PROVIDED DATA =
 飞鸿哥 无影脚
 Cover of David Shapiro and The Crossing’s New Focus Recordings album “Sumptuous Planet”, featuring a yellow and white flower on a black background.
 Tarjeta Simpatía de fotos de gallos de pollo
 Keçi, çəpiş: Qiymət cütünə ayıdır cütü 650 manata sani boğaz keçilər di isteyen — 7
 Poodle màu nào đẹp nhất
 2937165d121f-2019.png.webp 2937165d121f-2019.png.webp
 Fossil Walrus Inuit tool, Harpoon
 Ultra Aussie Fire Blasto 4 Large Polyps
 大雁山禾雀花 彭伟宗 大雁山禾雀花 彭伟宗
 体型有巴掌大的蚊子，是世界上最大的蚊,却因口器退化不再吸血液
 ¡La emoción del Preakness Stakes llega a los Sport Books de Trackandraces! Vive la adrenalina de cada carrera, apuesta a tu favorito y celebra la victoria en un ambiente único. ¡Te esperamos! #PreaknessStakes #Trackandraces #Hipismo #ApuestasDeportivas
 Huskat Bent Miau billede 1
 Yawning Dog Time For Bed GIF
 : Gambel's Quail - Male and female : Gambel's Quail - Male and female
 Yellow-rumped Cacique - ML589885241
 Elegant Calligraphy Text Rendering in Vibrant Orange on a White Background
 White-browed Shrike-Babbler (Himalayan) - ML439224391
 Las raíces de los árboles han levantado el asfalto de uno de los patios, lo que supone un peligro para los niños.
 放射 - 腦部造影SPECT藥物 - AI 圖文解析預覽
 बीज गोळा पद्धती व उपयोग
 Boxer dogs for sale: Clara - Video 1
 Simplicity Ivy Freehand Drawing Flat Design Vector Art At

WHAT NEEDS TO BE DONE =
Each line of the records should be repeated exactly as it stands.

ANSWER TO THIS TASK =
 飞鸿哥 无影脚
 Cover of David Shapiro and The Crossing’s New Focus Recordings album “Sumptuous Planet”, featuring a yellow and white flower on a black background.
 Tarjeta Simpatía de fotos de gallos de pollo
 Keçi, çəpiş: Qiymət cütünə ayıdır cütü 650 manata sani boğaz keçilər di isteyen — 7
 Poodle màu nào đẹp nhất
 2937165d121f-2019.png.webp 2937165d121f-2019.png.webp
 Fossil Walrus Inuit tool, Harpoon
 Ultra Aussie Fire Blasto 4 Large Polyps
 大雁山禾雀花 彭伟宗 大雁山禾雀花 彭伟宗
 体型有巴掌大的蚊子，是世界上最大的蚊,却因口器退化不再吸血液
 ¡La emoción del Preakness Stakes llega a los Sport Books de Trackandraces! Vive la adrenalina de cada carrera, apuesta a tu favorito y celebra la victoria en un ambiente único. ¡Te esperamos! #PreaknessStakes #Trackandraces #Hipismo #ApuestasDeportivas
 Huskat Bent Miau billede 1
 Yawning Dog Time For Bed GIF
 : Gambel's Quail - Male and female : Gambel's Quail - Male and female
 Yellow-rumped Cacique - ML589885241
 Elegant Calligraphy Text Rendering in Vibrant Orange on a White Background
 White-browed Shrike-Babbler (Himalayan) - ML439224391
 Las raíces de los árboles han levantado el asfalto de uno de los patios, lo que supone un peligro para los niños.
 放射 - 腦部造影SPECT藥物 - AI 圖文解析預覽
 बीज गोळा पद्धती व उपयोग
 Boxer dogs for sale: Clara - Video 1
 Simplicity Ivy Freehand Drawing Flat Design Vector Art At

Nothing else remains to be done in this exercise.